The other 50% to 60% is about our strategic roadmap. We are getting customers of more and more complexity in nature. So, a lot of times, we are getting into, generally, four key areas that we invest in.
No. 1: advanced industries. We have more and more customers in very specialized industries wanting to get more advanced functions, like financial services, healthcare, manufacturing and so on. Sometimes, those were custom stuff that people did on the side with EBS or PeopleSoft. We're bringing a lot of those back into the core, so people don't have to do it.
The second thing is additional globalization support. We already support 50-plus countries with localizations: statutory compliance, tax compliance, payment formats and so on. The majority of those came from our E-Business Suite. Now, we are getting into some of the more advanced countries, like Brazil, India, Poland and Turkey.
The third part is more and more new technologies. For example, how we use adaptive intelligence, a new class of machine-learning apps combined with a massive amount of web-scale data. This is a big part of our vision.
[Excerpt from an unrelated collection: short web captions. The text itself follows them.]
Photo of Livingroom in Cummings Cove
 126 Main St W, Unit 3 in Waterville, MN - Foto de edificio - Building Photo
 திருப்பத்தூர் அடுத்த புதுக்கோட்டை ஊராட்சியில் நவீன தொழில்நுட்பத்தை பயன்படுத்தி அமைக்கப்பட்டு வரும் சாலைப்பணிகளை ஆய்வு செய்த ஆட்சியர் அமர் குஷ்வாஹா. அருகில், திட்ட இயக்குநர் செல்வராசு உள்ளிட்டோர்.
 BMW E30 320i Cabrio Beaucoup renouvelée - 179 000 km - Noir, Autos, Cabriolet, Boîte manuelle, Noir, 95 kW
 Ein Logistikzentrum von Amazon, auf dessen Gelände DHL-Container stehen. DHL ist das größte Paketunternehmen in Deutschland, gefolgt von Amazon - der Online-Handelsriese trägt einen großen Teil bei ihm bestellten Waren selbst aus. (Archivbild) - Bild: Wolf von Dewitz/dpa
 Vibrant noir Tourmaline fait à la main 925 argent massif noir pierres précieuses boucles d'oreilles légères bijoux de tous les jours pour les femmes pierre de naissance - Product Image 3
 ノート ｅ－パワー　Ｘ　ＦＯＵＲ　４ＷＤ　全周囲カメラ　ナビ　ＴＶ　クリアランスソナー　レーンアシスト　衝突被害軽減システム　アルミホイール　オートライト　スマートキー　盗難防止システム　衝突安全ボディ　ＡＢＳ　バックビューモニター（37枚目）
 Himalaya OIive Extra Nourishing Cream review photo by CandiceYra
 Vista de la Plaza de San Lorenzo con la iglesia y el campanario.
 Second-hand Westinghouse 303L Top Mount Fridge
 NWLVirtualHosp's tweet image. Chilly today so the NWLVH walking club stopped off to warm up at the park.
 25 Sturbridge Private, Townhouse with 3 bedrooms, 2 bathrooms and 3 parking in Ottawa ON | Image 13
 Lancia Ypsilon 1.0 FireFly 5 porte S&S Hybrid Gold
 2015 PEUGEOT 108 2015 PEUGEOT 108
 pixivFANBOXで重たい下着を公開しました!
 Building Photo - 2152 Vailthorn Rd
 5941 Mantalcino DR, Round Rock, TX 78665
Data-driven applications design is going to be the next generation.
The last part is a whole bunch of specific, advanced capabilities. For example, we're getting into more and more high-tech companies [and] software-subscription companies. Sometimes, there's advanced compliance -- for example, this new rule called IFRS 15 ... the new revenue-recognition rules. All of those are already in the works. Many of them are being rolled out at this conference and early next year.